You probably know that sentence. Abraham Lincoln’s Gettysburg Address was a defining moment in the Civil War and in the history of America. He elegantly retells the story of who America is at a time when self-processed Americans in both the North and the South of the country were in a bitter battle that was tearing the country apart.

The “our” in Lincoln’s statement is unquestionably English/European/white settlers in the 1600s. It is false on many levels — English/Europeans had been trading and sometimes living in the northeastern part of the United States for about a century prior to the Mayflower. He is originating the country not with the wide sweep of colonization but with a particular moment. In no way does it acknowledge the people who were enslaved from Africa and brought to these shores early on. And it certainly implies that the “our” (as in, “our country”) in no way includes Native peoples who were already here.

Lincoln’s Thanksgiving Proclamation of 1863, which is part of the origin story of Thanksgiving as a national holiday, fits into a similar vein: he was aiming to bring the country together at a time when it was struggling.
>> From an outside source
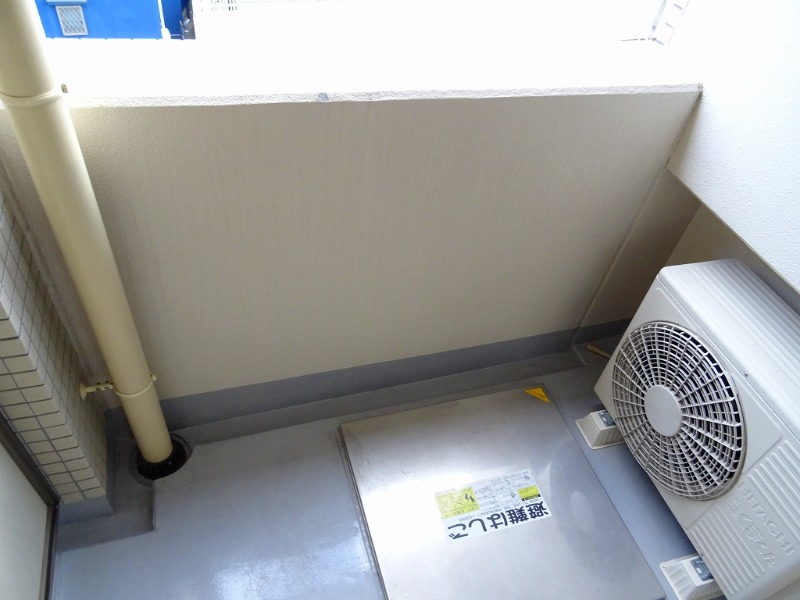 18/28 バルコニー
It speaks far more of the beauty of the landscape than the sheer ugliness of the war, lifting the spirits of a downtrodden society. It was an act of political genius….. And political acumen. By issuing it at that particular moment in the war, he demonstrated his cultural/social relevance and power across a divided country — including the South (and the West).
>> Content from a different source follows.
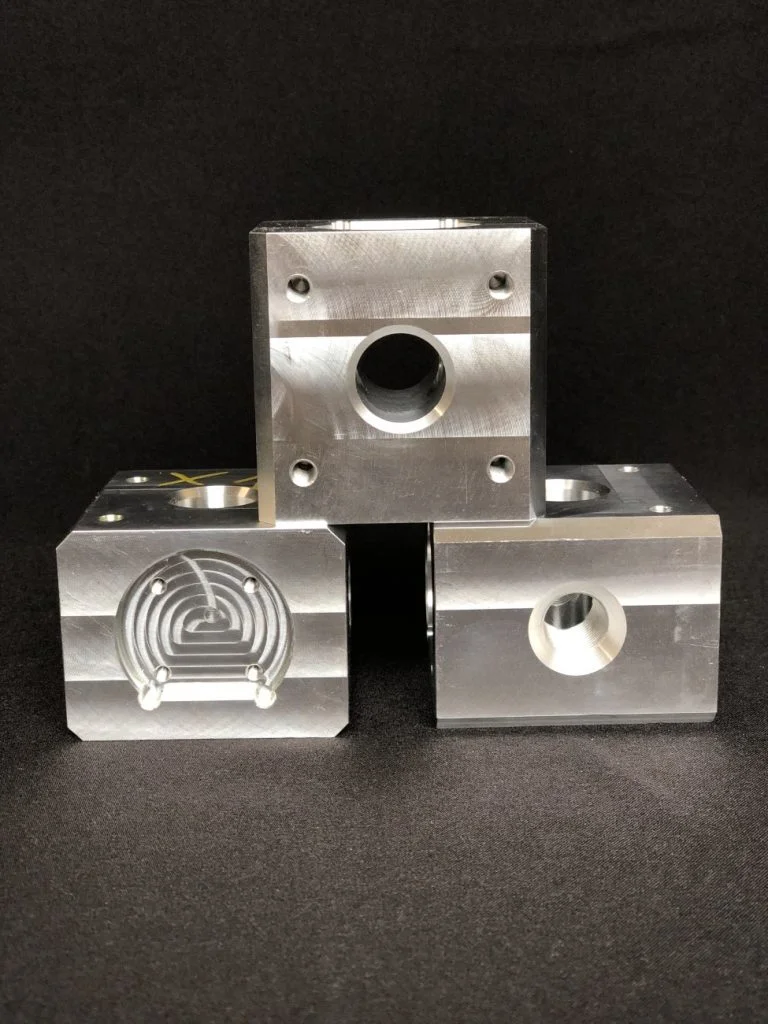 Металеві блоки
He was building on and very much influenced by the work of one of the most influential women in American history, Sally (Sarah) Josepha Hale, ‘editress’ of widely-read women’s magazines and perhaps the greatest single champion of Thanksgiving as a holiday. Her anti-slavery novel, Northwood, launched her career as a writer and brought Thanksgiving as a holiday to the attention of the American public. She saw Thanksgiving, which had some degree of being celebrated at various points in the Autumn in the northeast prior to her novel’s publication in 1823. She subsequently spent over two decades laboriously pushing for it to become a national holiday to bring the people together — at home. Her passion and reasoning were primarily for white America. The ‘godmother of Thanksgiving’ was not, so far as I can tell, particularly concerned about her country’s relationship with native peoples.

Forefather’s Day

Let’s now go a bit further back in time. Not to the 1600s, but to the early 1800s and late 1700s. At that time, Thanksgiving was somewhat randomly being celebrated in New England as a kind of harvest feast and local folk tradition, and we don’t know when the local tradition started. Hale certainly grew up with the holiday and loved it, influencing her subsequent pushing of it.

We do know that in 1769, the Colony Club (founded that same year) in Plymouth started celebrating Forefather’s Day, where they ate the traditional foods of New England and gave thanks to their Pilgrim forefathers, and told stories about their Pilgrim ancestors (including stories of Squanto helping the Pilgrims).

This was nearly 150 years after the Mayflower landed in 1620: certainly, no one alive at those gatherings had any recollection of what had actually happened then. Sometimes these gatherings were referred to as a Thanks Day. Possibly, the Club was solidifying a local food culture tradition.

This moment was caught up in solidifying a particular version of American history at a time, shortly before the American revolution, when increasing numbers of people (especially Catholics) who were not part of that strand of history were gaining political power. Indeed, even after Thanksgiving became a clear federal holiday, the Catholic Church did not support it, referring to it as a protestant holiday.

1769 was also the year that we see the first written reference to the 1621 dinner between the pilgrims and the Indians. It was in a footnote of an article. Somehow, that footnote was noticed and led to the story we have today.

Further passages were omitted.